WHAT DOES A CLINICAL RESEARCH COORDINATOR DO?

Published: May 23, 2025 – The Clinical Research Coordinator coordinates and manages clinical research protocols in oncology, ensuring compliance with regulatory standards and Institutional Review Board (IRB) requirements. This position oversees patient recruitment, consent, data collection, and interaction with investigators, sponsors, and regulatory bodies throughout the study lifecycle. The coordinator also performs study-related procedures and maintains accurate documentation while educating healthcare staff and supporting audit readiness.

A Review of Professional Skills and Functions for Clinical Research Coordinator

1. Clinical Research Coordinator Functions

  • Patient Scheduling: Assist with initial patient scheduling and first visits as trials begin at the clinic.
  • Documentation Management: Maintain and manage all trial-specific source documentation
  • Patient Coordination: See patients and assist in the completion of research visits
  • Data Management: Manage the collection, recording, reporting, and storage of study-related data, investigational product, and study equipment
  • Regulatory Communication: Communicate and work directly with the CRO and Sponsor representatives during pre-study, IMV, and site closure, adhering to site-specific standard operating procedures, local and federal regulations.

2. Clinical Research Coordinator Overview

  • Reporting Structure: Reports to the Director of Clinical Trials or the Clinical Research Nurse Lead
  • Team Collaboration: Collaborates with departmental leadership and research staff in the coordination of all aspects of clinical research studies.
  • Patient Recruitment: Responsible for patient screening and recruitment, coordination of care for the research patient, protocol implementation, data collection and query resolution, and submission to the Institutional Review Board (IRB).
  • Oncology Coordination: Coordinates studies in Oncology therapeutic areas.
  • Protocol Management: Responsible for the complete coordination of assigned clinical research protocols from national research agencies and pharmaceutical corporations
  • Patient Screening: Screens patients for study participation, e.g., reviews medical record, collaborates with medical and research staff, etc., and procures informed consent.
  • Documentation Accuracy: Maintains accurate and thorough documentation on all source documents and case report forms (CRFs) for each study patient. Enters data.

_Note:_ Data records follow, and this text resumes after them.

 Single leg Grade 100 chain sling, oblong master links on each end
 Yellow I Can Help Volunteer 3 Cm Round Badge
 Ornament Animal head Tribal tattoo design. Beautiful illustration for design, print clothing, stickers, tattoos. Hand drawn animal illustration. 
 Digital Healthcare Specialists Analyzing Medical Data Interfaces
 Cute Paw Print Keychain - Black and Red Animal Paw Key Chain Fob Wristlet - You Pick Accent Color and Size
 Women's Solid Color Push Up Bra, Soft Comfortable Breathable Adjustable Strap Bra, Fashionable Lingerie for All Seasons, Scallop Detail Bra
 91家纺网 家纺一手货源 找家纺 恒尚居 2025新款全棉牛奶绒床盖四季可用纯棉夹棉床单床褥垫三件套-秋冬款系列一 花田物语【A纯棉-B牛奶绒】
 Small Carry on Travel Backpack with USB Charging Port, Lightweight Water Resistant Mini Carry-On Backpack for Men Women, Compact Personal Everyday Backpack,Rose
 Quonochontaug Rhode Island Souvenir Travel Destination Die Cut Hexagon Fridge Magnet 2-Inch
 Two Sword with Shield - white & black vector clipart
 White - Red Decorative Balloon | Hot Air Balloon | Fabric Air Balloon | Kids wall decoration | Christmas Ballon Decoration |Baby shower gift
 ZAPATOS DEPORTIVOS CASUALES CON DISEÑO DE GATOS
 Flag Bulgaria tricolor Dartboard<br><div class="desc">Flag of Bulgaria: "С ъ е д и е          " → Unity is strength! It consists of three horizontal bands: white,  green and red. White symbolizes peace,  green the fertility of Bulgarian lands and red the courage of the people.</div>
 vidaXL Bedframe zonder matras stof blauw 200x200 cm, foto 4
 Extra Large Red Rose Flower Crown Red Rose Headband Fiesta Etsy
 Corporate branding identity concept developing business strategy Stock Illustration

Resolves all patient queries.
  • Stakeholder Communication: Maintains communication with investigators/researchers, patients, internal and external collaborators (e.g., consulting physicians, Monitors), sponsors, federal regulatory agencies, and other involved parties
  • Study Meetings: Participates in investigator, coordinator, or study initiation meetings accordingly.
  • Monitoring Coordination: Coordinates and participates in monitoring visits/audits with regulatory agencies or sponsors.
  • Regulatory Training: Maintains current regulatory (GCP, HSR) and study-specific required training.
  • IRB Submissions: Prepares and submits all study protocols, consent forms, and other required documents to the Institutional Review Board (IRB).
  • Staff Education: Educates hospital staff about protocols through in-services, written materials, and one-on-one interaction, for each study and each patient, and for general marketing.
  • Schedule Flexibility: Demonstrates flexibility in daily routine and effectively accommodates the needs of the job (e.g., early or late patient enrollment).
  • Clinical Procedures: Performs procedures including EKG, Phlebotomy, blood and body fluid sampling, packing and shipment of human samples, body measurements and examinations within the scope of practice and training, consistent with clinic and study-specific policies/procedures and scope of care under the guidance of the supervisor.
  • Compliance Responsibilities: Fulfills all compliance responsibilities related to the position.

3. Clinical Research Nurse Coordinator Tasks

  • Subject Recruitment: Recruits, interviews, and obtains informed consent from prospective subjects for entrance into clinical trials and studies.
  • Lab Coordination: Coordinates appropriate laboratory tests and other procedures for subjects participating in studies, including drawing blood or the collection of other samples.
  • Pharmacy Coordination: Coordinates with Investigational Pharmacy for subjects to receive required drugs.
  • Billing Communication: Communicates with Sponsored Programs Administration to ensure proper management of charges and billing.
  • IRB Submission: Coordinates and submits IRB protocols, reports, revisions, updates, and approvals.
  • Data Recording: Records appropriate clinical and laboratory data on forms provided by the principal investigators, the federal government, and/or industry sponsors.
  • Stakeholder Communication: Communicates with study sponsors, federal agencies, principal investigators, and sub-investigators about research projects.
  • Resource Provision: Provides resources for staff, patients, families, and the community regarding research.
  • Site Travel: Travels to clinical research sites, hospitals, physician offices, and facilities within the System.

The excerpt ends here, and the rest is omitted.